The Independent National Electoral Commission (INEC) has revealed why some underage citizens who are not up to the age of eighteen years are being registered in the Northern part of the country.
The Director of Publicity and Voter Education of the commission, Mr Oluwole Osaze-Uzzi on Wednesday stated that the young citizens were registered because the lives of its registration officers were being threatened by some members of the communities.
Osaze-Uzzi made this known during a programme on the African Independent Television titled, ‘Kakaaki,’ while answering questions over pictures and videos on the social media showing children registering and voting in northern Nigeria.
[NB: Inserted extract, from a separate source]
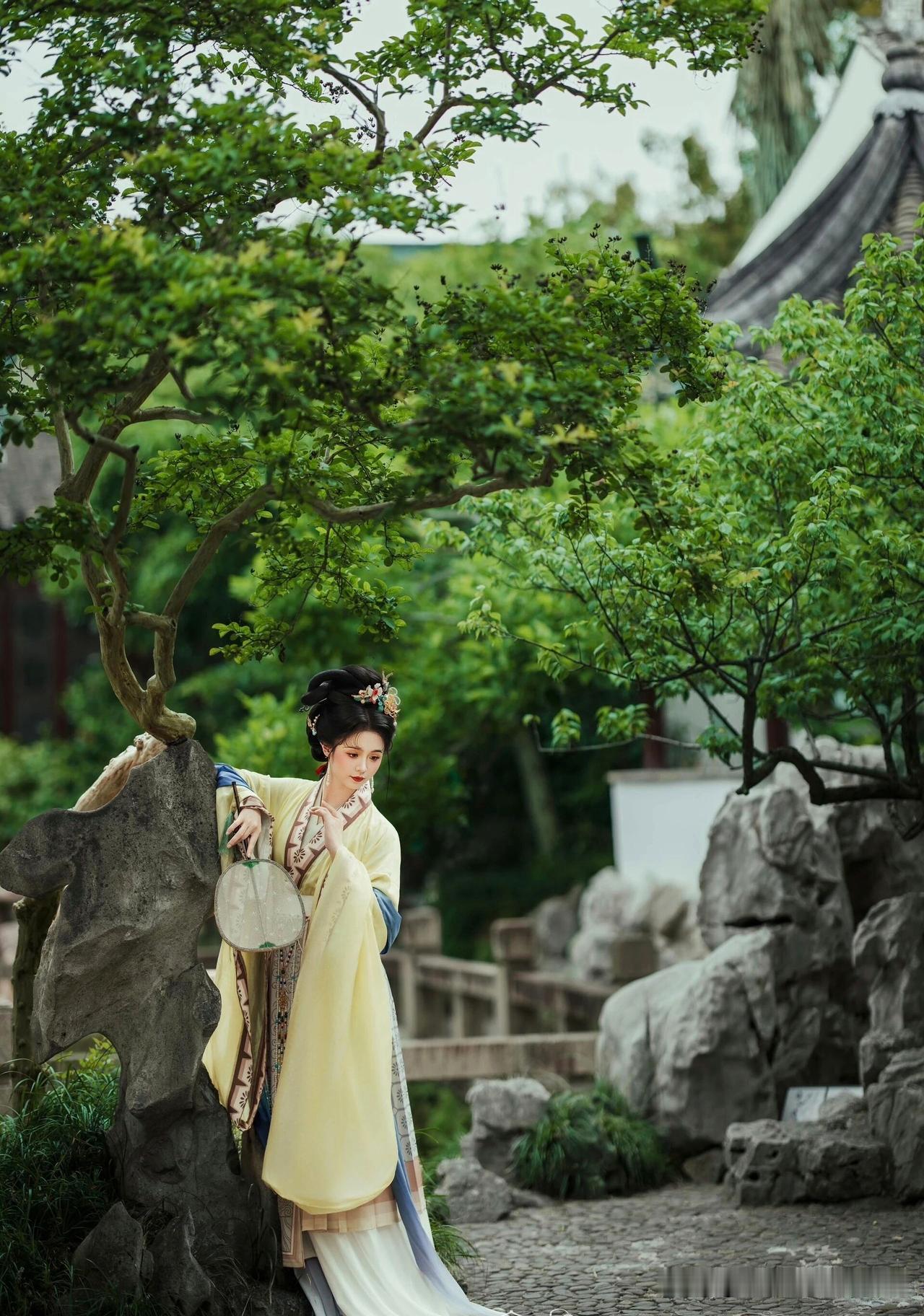 下联：月明花影寂寂风
上联：有请雅士[玫瑰][玫瑰][玫瑰]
“I agree that it is the responsibility of the registration officer to do that (refuse to register underage persons), but there are times that circumstances are such that where there is present and clear danger that he risks being assaulted or being killed,
I think it will be unreasonable to expect him not to succumb to the pressure. But we encourage them to report immediately they get out of that danger zone.
“Even to the untrained eye, that child doesn’t look more than 15, but in such circumstances, you cannot argue too much with them. The law says the registration officer is entitled to act on some kind of identification or birth certificate or proof of age.
“But very often, they are resisted, especially when there are lots of people there. They are challenged in a charged atmosphere and they are there without any protection. Many of them are there in strange communities which they don’t know anything about. So, there is undue pressure on them to register at this point,” he said.
Osaze-Uzzi, also said mechanisms had been put in place such that after an underage person is registered, he could be removed from the register.
“It is not a complex process, you display the voter register and people come there. That is in addition to the fact that the registration officer can refuse anybody registration. But we don’t expect people to risk their lives for what is essentially a simple patriotic service.
“But if they get away with that (getting registered) and the report is not taken, the second opportunity is when the register is displayed. The best opportunity is where higher officials physically look at each register as much as they can and those who are clearly not qualified are removed.
So, it is a three-pronged process and there are different stages,” the INEC director added.
He, however, said the media and members of the public should assist the commission by exposing such cases of underage registration and voting.
“I think the law recognises that being a human endeavour, it may not be perfect and that is why it gives some kind of leeway such that when you weigh everything together, it is a reflection of what the people have chosen.
“If one percent of the register has underage persons; will this affect the outcome? We agree that the register is the very foundation of every election and what we can do and what the media can do is that when we get these reports and we have a fair idea of where this issue is prevalent, we can look at the registers again, look at those who are clearly underage and try to weed them out and prevent them from exercising a franchise that does not belong to them legally.”
He assured members of the public that the 2019 general elections would be free, fair and credible.